A measure of the shrinking caucus is that it’s not at all clear yet which member will succeed Waxman in convening occasional informal meetings of Jewish members, according to congressional insiders.
A number of younger Jewish members are rising through the ranks – Rep. Ted Deutch (D-Fla.) succeeded Ackerman in helming Democrats on the Middle East subcommittee.
“We need to encourage more Jews to run,” Schakowsky acknowledged.
Rep. Brad Sherman (D-Calif.), one of the lead Israel champions in the House, said support for Israel was undiminished. He noted the overwhelming vote last month to add $225 million to existing funding for Iron Dome, the anti-missile system that protected Israelis during the recent Israel-Hamas war in the Gaza Strip.
“Look at the Iron Dome vote,” he said. “Four Republicans and four Democrats voted against. Support for Israel is at a very high level.”
Nonetheless, pro-Israel groups have noted the tendency among Democrats in particular – and Jewish Democrats among them – to criticize Israel in tougher tones than was imaginable a decade ago.
During the recent Gaza war, Rep. John Yarmuth (D-Ky.), who is Jewish, told MSNBC, “I fail to see what an Israeli incursion into Gaza, how that’s going to solve the long-term problem. Gaza is itself a problem and the Palestinians are essentially quarantined there; that’s the polite word.”
In that July 26 broadcast, he called the civilian deaths in Gaza a “tragedy of enormous proportions.”
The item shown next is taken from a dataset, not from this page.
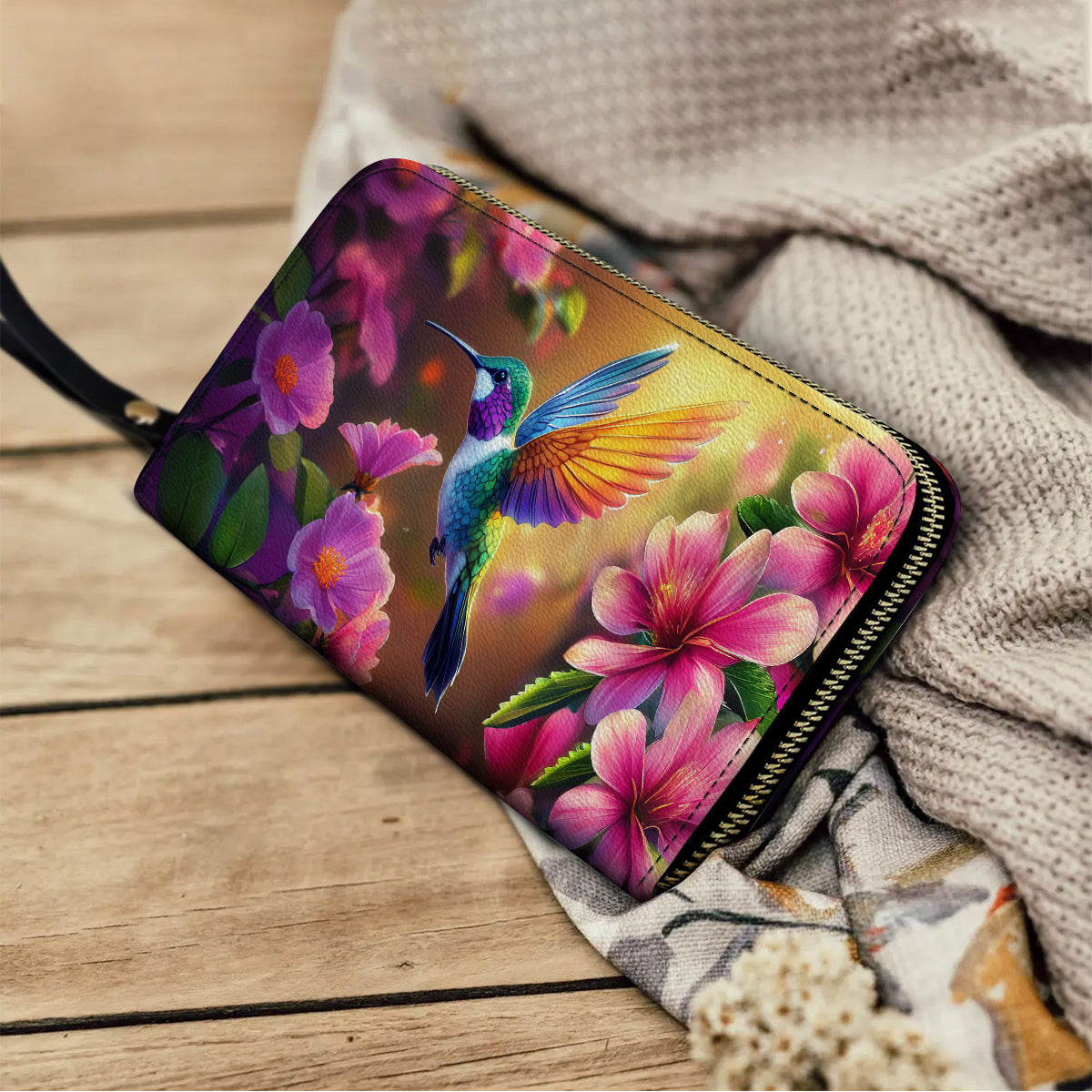  Leather Clutch Purse With Wristlet Strap Handle Enchanted Hummingbird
Even among Jewish lawmakers not known for directly challenging Israel, there has been a change in tone. Last week, Rep. Jerrold Nadler (D-N.Y.) met with Yair Lapid, the Israeli finance minister who has been critical of Netanyahu’s recent settlement expansion bid, and on Twitter aligned himself with Lapid – and by implication Obama.
“Agree w/Israeli Finance Minister Yair Lapid on need to return to negotiations & being against any swift changes in the West Bank right now,” Nadler tweeted.
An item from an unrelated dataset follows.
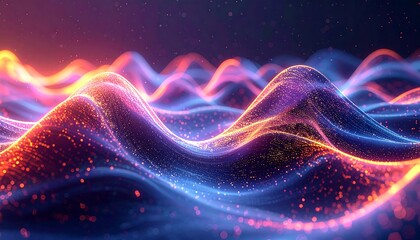 Abstract flowing waves with glowing particles, red and blue hues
Yarmuth, in an interview with JTA , said support for Israel – including his own – was unassailable but more “nuanced,” in part because of support for members by J Street, the Jewish lobbying group that forcefully backs U.S. involvement in bringing about a two-state solution.
“American Jewry has become more nuanced in its opinions on the Middle East with regards to opinions on Israel and the Palestinians,” said Yarmuth. “J Street reflects that diversity.”
How best to pitch Israel to liberals and Democrats has been the focus of pro-Israel groups in recent months. Most recently, Frank Luntz, a Republican political consultant and pollster who has worked with centrist pro-Israel groups, last week addressed a monthly meeting of Jewish professionals and noted with alarm what other pollsters have found: Israel is hemorrhaging support among traditional Democratic constituencies, including women and minorities.
In a Powerpoint presentation obtained by JTA, Luntz – famous for shaping the language that brought Republicans to congressional power in 1994 –suggested progressive-friendly phrases when making Israel’s case. Among “words to use,” he suggested “mutual understanding and mutual respect.” Among “words to lose,” he derided “Israel is not stalling” and “Peace takes two.”
Rep. Steve Cohen (D-Tenn.), another lawmaker endorsed by J Street, said the long-range view on Israel among Jewish lawmakers was the same, regardless of whether they were more ideologically aligned with AIPAC or J Street.
If Jewish members are divided, he said, it is over “different ideas over how to make Israel viable for eternity.”